Following last month’s blog from Jade in which she enthused about her trip to swanky Tapas joint, El Gato Negro, we asked around the office for our next Banc Review. SEO extraordinaire Ryan White enthusiastically offered to contribute, but he’d been so impressed with Jade’s review of El Gato Negro he decided to take his custom there too. With 1,730+ eateries in Greater Manchester, we though two reviews in a row may be too many for one joint.
Thankfully, PPC Manager Matt Taylor stepped up to the literal and figurative plate, and has blogged about his brunch time trip to Ezra and Gil in Manchester’s hipster paradise, the Northern Quarter…
Sunday tasks abound and hunger creeping up, the wife (Amy) and I decided to do the trendy thing and have brunch in the Northern Quarter.

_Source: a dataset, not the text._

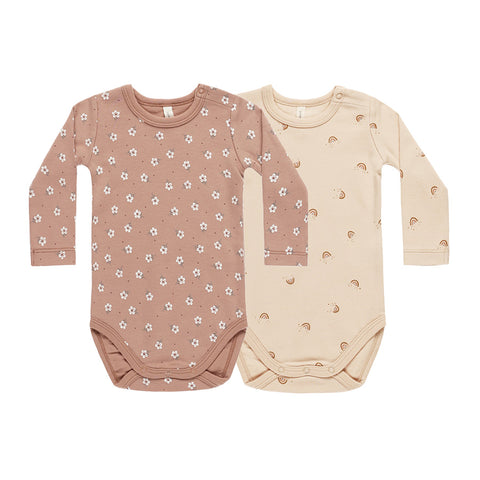 jersey bodysuit | 2 pack - rose ditsy + rainbows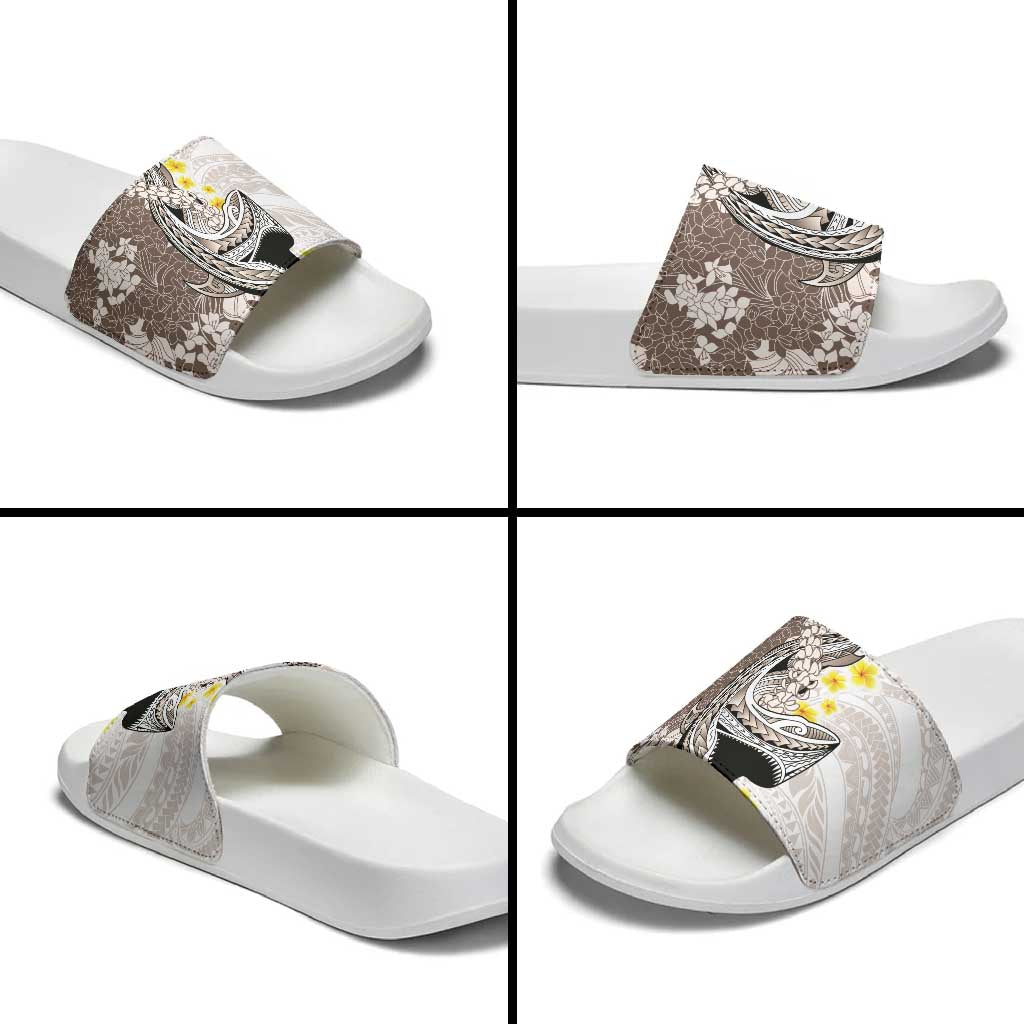 Brown and White Hawaii Shark Tattoo Slide Sandals Puakenikeni Lei Plumeria Polynesian Pattern - Polynesian Pride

As everybody knows, there’s no shortage of eateries in the NQ. If you’re looking for the perfect balance of good quality food, slight air of pretentiousness and off-the-wall theme then there’s no better place to choose to eat.
We didn’t have anywhere specific in mind where to eat that day, but Amy recalled a strong recommendation to try Ezra & Gil from one of her Korean language students. A quick check on Google Maps revealed it was close by.
Off to the restaurant we went, which is located on Hilton Street (just off Piccadilly Gardens). Initially, I was a little overwhelmed with the size of the restaurant. We’d been expecting a more low-key affair and a bit more intimacy with a bit of an arthouse vibe (a-la Trove in Levenshulme). The general vibe of the place is nice (and intentionally a little rough around the edges). Dogs are welcome, which is good even though we didn’t have our little Champ with us at the time. Free dog treats sat next to some free water, which is a nice touch.
The restaurant also functions as a food shop, with a lot of fresh produce available as well as other food items. There was a large range of fresh vegetables, eggs and bread/pastry. There were also some luxury items such as exotic juices, gourmet pasta and a few other bits and bobs. We weren’t in the market for foody purchases at the time, but it’s nice to have a nose around and see what’s available. It certainly adds a bit of life to the place.
We were worried that with so many tables to wait on, whether the service would be up to scratch. There were a few empty tables, but unfortunately they had not been cleared as quickly as people were arriving to eat. Too many empty tables with dishes and cutlery left dotted around the place. Luckily, we spotted a bench for two and sat down relatively easily and started going over the menu.
Having dietary restrictions wasn’t much of an issue, as there were many different kinds of dishes available. I’m not sure if there were gluten-free options available, but I wouldn’t be surprised if there were upon request. We had opted to share two dishes – chicken and halloumi on sour dough bread, and avocado and Portobello mushrooms on sour dough bread. I spotted an option for a Cumberland sausage for only £1, so I chucked it on to our order.
We also ordered our usual coffees (two Americanos). This is hit and miss at almost every café, as every Americano drinker knows. Luckily, Ezra & Gil did not disappoint and the coffee was tremendous. The flavour was rich and not too bitter. Even the cup and saucer was a nice touch, certainly didn’t feel cheap.
Our food took a little time to arrive, but not too long. And after all, there’s nothing more suspect than ordering food and have the waiter bring it our within three minutes.
The food was superb. Everything was so fresh and felt like care had been taken on presentation. Whilst both dishes were enjoyable, I think the balsamic dressing on the chicken dish was a bit over the top and the taste became a little overbearing. Luckily, we had two dishes that we were sharing so this hadn’t bothered me as much as it potentially could have.
The addition of a Cumberland sausage turned out to be a good idea. Although, interestingly the sausage was actually two tiny, fat sausages. I’m not an expert, but I thought they came in a particular fun, curly wurly shape. It was, however, delicious so it doesn’t matter what shape they are.
One criticism we both shared, was that the knives were very dull. When you’re trying to cut through sough dough bread, you really need something up to the task and it was practically useless. We ended up just tearing through this with unorthodox dining methods, but we got the job done.
All in all, I do recommend dropping by and having brunch at this place. If you can do so outside of peak times and weekends, you’re probably going to have a much nicer experience. And maybe bring your own knives.